I am not a lawyer, and I’m not even really a Trump defender. I do, though, defend the Trump Voter. In light of the IG report, we are 2/3 of the to the utter, complete vindication of the Trump Voter. Durham will bring it home with the results of his investigation… But I have some questions and observations…
Where did you get the idea that “conservatives” oppose the exclusionary rule? I can see politicians on the right otherwise trying use it to differentiate themselves from an opponent on the left, but to ascribe opposition to the exclusionary rule to conservatism as a philosophy is simply a lazy caricature of conservatism.

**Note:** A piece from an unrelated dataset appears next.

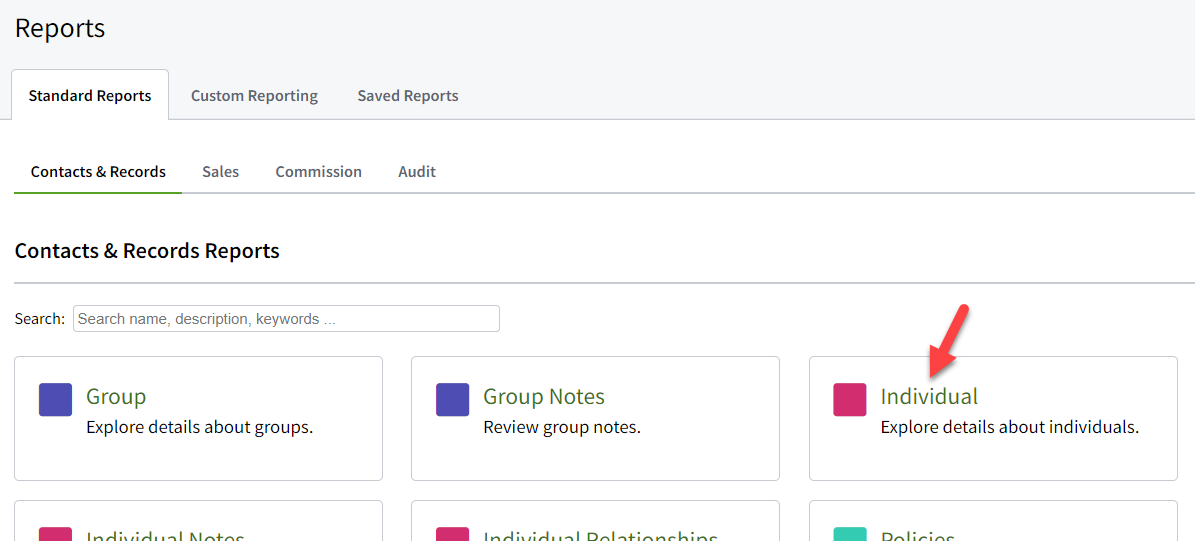Screenshot showing the Individual standard report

I DON’T MEAN TO SHOUT BUT I STARTED AN ANSWER AND LOST IT SO I’VE TAKEN YOUR REMARKS OFF LINE TO INTERSPERSE MY REPLIES AND I MUST MAKE MY WORDS DIFFERENT FROM YOURS.
WHERE DID I GET THE IDEA?
OVER FORTY YEARS IN CRIMINAL LAW IN VARIOUS ROLES.
HAVING BEEN A JUDGE WHO HAD TO RUN IN PARTISAN ELECTIONS.
WATCHING SOME PROFESSORS ON A LIST WHERE I HAD POSTED DAILY FOR OVER TEN YEARS PUTTING TOGETHER AN AMICUS TO ATTACK MIRANDA. I KNOW THOSE GUYS AND I KNOW THEIR POLITICS.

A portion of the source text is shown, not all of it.